The end of 2012 is coming to a close and the possibility of an "across the board" reset of everyone's taxes during the Clinton administration is drawing nigh. President Obama stated today during a speech that he'd like to work with both parties to ensure that the government finds the revenue that it needs from a certain class of people (rich people making $250K+) and keeping the Bush tax cuts in place for a majority of other people (middle class and poor).
Financial advisors and investment managers are prepping their clients in the top 10% for potential tax increases no matter what happens. If Obama gets his way - rich people will have higher taxes. If the Republicans refuse to yield, rich people will have higher taxes and everyone else. So what is the plan?! Where will rich people invest now in preparation for next year's increased taxes?
The answer lies within muni bonds. That's right. Tax-free debt that allows people of higher income brackets to loan money to state and local governments, who in return pay interest on the loan, that is generally tax free. For instance, 20yr bonds now are seeing yields just a little shy of 3.6% - so if you're investing $100K for 20yrs you'd make about $3600 each year for the next 20yrs tax free. Imagine if you're in that top 1% and can afford to invest $10 million?!

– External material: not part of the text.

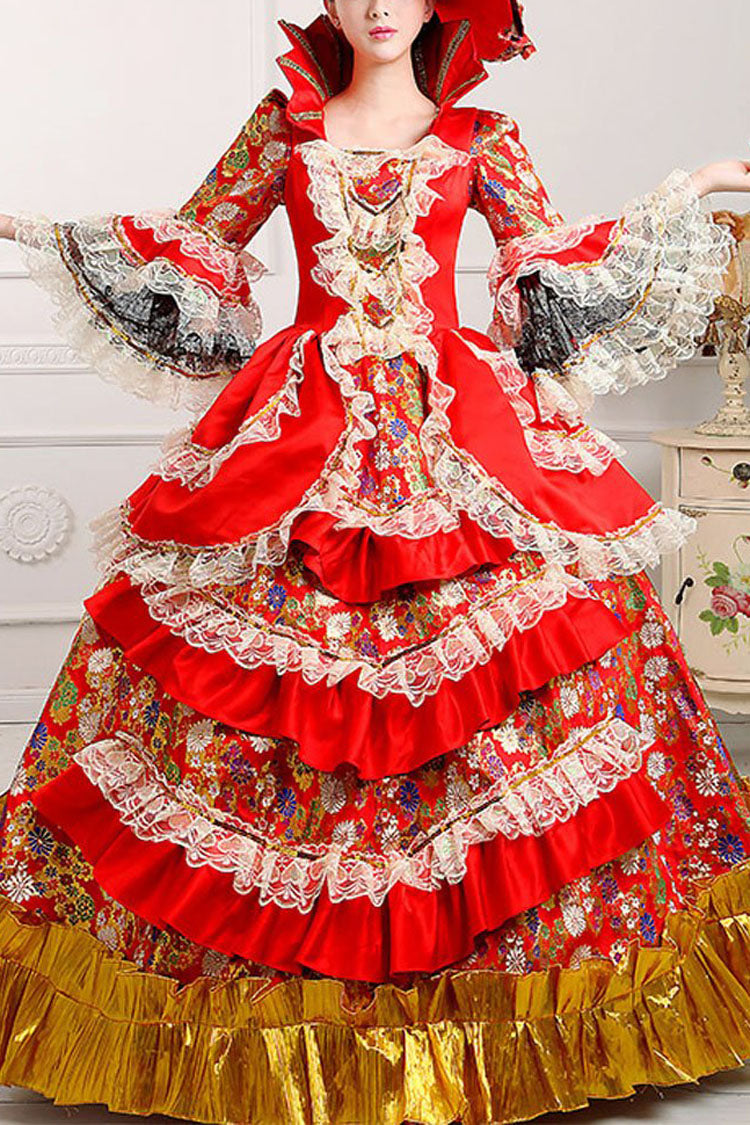 Ruffled Lace Victorian Gown with Trumpet Sleeves - Prom Dress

Given the current tax code (and assuming that "tax reform" won't close this benefit), this is how rich people will find a place of refuge from increased taxes. This might be bad for the federal government - but it will be manner from heaven for depressed state budgets that are desperately starving for additional revenue. I suppose it's a win-win situation from the rich person's perspective...run away from increased taxes and simultaneously provide additional revenue for my state and local government.